So in practice, Rosetta made plenty of compromises too. Rather than exhaustively computing every possible pairwise combination of amino acids, it broke proteins into small fragments, considered interactions between fragments, and then refined atomic-level positions and forces. For small proteins with regular arrangements, this worked reasonably well. But for anything even slightly more complex, its predictions weren't particularly trustworthy — barely better than nothing.

Let me quickly summarize:

Solving the protein folding problem and determining the 3D structure of protein molecules remains one of biology's great unsolved grand challenges. But to date, the dominant approach has been laborious direct observation through X-ray crystallography, cryo-EM, and similar methods. Direct computational prediction of protein structure using these traditional approaches simply hasn't worked well.

---

The AI approach: AlphaFold 1 and 2

With that groundwork laid, we can finally turn to our main subject: AlphaFold.

If you know the AlphaGo story, you probably grasp the basic logic of how AI, and deep learning in particular, solves problems. Simply put, it's the brute-force approach.

Traditionally, humans learning Go studied game records, practiced relentlessly, and cultivated ineffable "intuition." AlphaGo ignored all of that. Instead, it exhaustively enumerated possible moves, evaluated their consequences, then enumerated possible responses to those consequences, and so on. Through repeated training, AlphaGo accumulated enough "experience" to know which moves maximized win probability in given situations. Through this brute-force training, later versions like AlphaGo Zero could master the game with only basic rules — how to capture stones, how to determine victory — completely disregarding all human accumulated knowledge.

In 2018, DeepMind's first-generation protein folding algorithm, AlphaFold1, entered CASP13 and took first place, generating considerable industry buzz.

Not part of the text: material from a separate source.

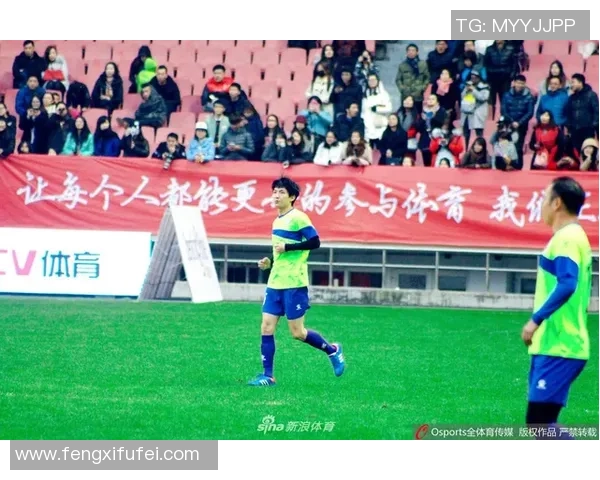 足球明星情妇私密照片曝光引发热议背后的故事揭秘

But it didn't make much of a public splash. I suspect two main reasons. First, while AlphaFold1 won, its margin over second place wasn't dramatic, and it didn't demonstrate revolutionary improvement over traditional approaches. More importantly, AlphaFold1 wasn't fully AI-native — it borrowed heavily from academic research, particularly David Baker's Rosetta program and Jianbo Xu's RaptorX-Contact program from the University of Chicago. Incidentally, after CASP13, Jianyi Yang of Nankai University collaborated with David Baker to develop trRosetta, releasing all core code publicly. This program surpassed AlphaFold1's performance and was adopted by many CASP14 competitors this year.

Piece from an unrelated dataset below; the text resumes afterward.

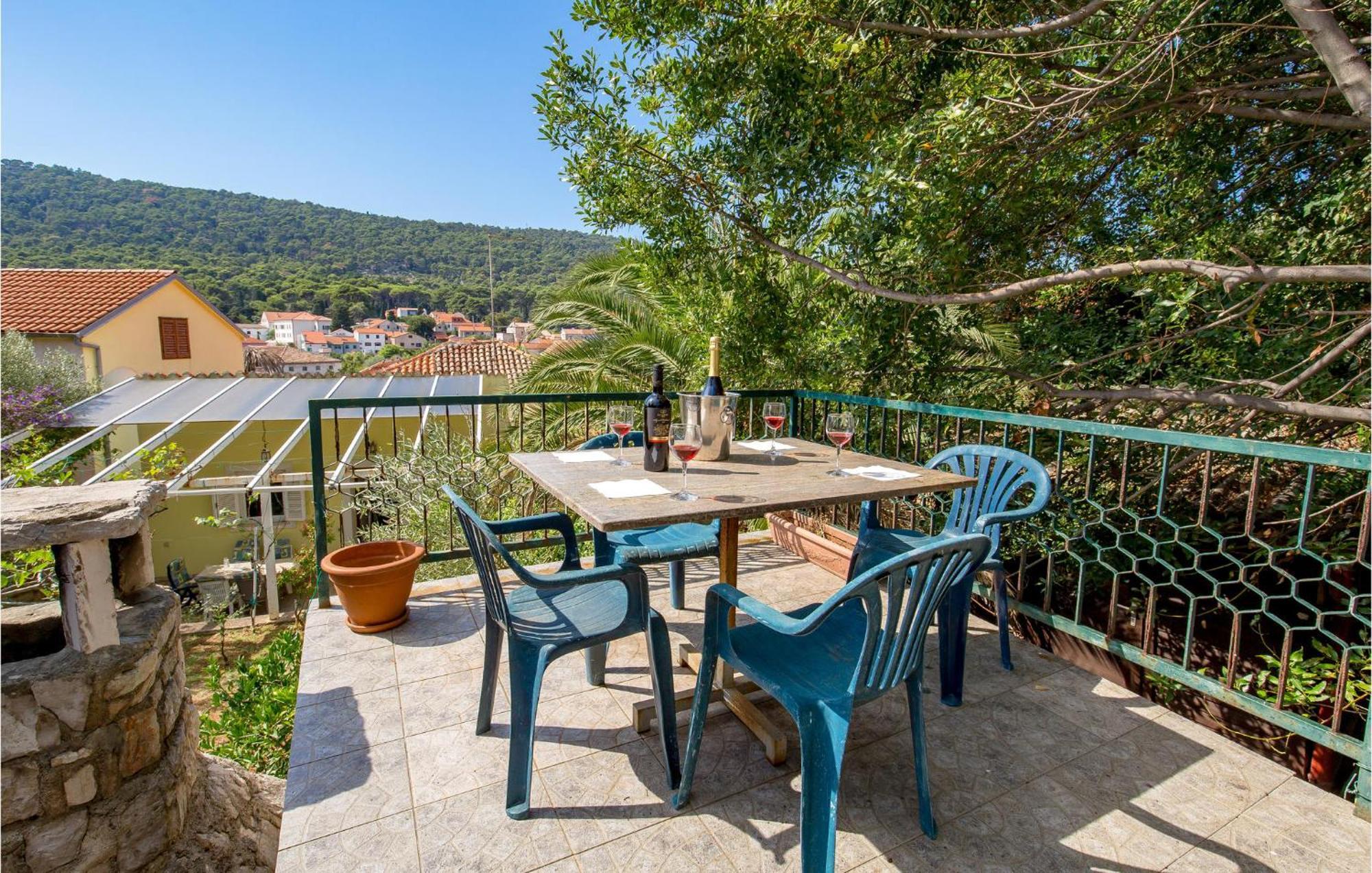 Lovely Apartment In Veli Losinj With Kitchen Exterior foto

But this year's AlphaFold2 is completely different. It's not an upgraded version of AlphaFold1 — it's an entirely new protein folding algorithm.

Though DeepMind hasn't yet published AlphaFold2's technical details, the general principles are public. AlphaFold2's working logic closely resembles the brute-force AlphaGo approach I just described. Let me roughly explain its training process:

From 170,000 proteins with known 3D structures, scientists select one and "feed" its amino acid sequence to the algorithm, which makes a rough "guess" at the 3D structure. The algorithm then compares its guess against the known structure, adjusting its guessing strategy based on accuracy. Through repeated training across all 170,000 structures, the algorithm gradually acquires the ability to predict 3D structure directly from amino acid sequence.

Of course, this explanation is grossly oversimplified. Without some foothold, the algorithm wouldn't know where to begin guessing. For instance, DeepMind's descriptions mention that the algorithm requires so-called "multiple sequence alignment" information. Incidentally, this approach wasn't DeepMind's innovation — it was proposed in 1993 by German scientist Chris Sander.

Simply put, for any given protein, databases contain numerous proteins with very similar sequences. Take insulin: human, pig, cow, and chicken versions differ only subtly. When we examine these near-identical but distinct sequences together, we observe that certain positions are highly conserved, others vary freely, and some positions change in coordinated fashion — either all unchanged or all changing together.

This information reveals relationships between amino acids in the 3D structure. If two amino acids are either always conserved together or always change together, we might infer they're spatially proximate and functionally coupled. AlphaFold2 uses this information to guide its initial guesses and training.

So how did it perform?

We can evaluate AlphaFold2 along two dimensions.

First, the horizontal comparison.

CASP competition rules work roughly as follows: organizers provide contestants with amino acid sequences for proteins whose 3D structures are either being experimentally determined or have been determined but not yet disclosed. After contestants submit predictions, results are compared against actual structures, scored, and ranked.

At CASP14 in 2020, AlphaFold2 placed first by a massive margin over David Baker's lab in second place. The gap between first and second exceeded the gap between second and last place.

Now the vertical comparison.

Since CASP began in 1994, human protein structure prediction capability improved slowly but steadily. For small, simple proteins, traditional methods already achieved high accuracy. But for larger, more complex proteins with few known structural homologs, performance remained unimpressive even through AlphaFold1's 2018 entry.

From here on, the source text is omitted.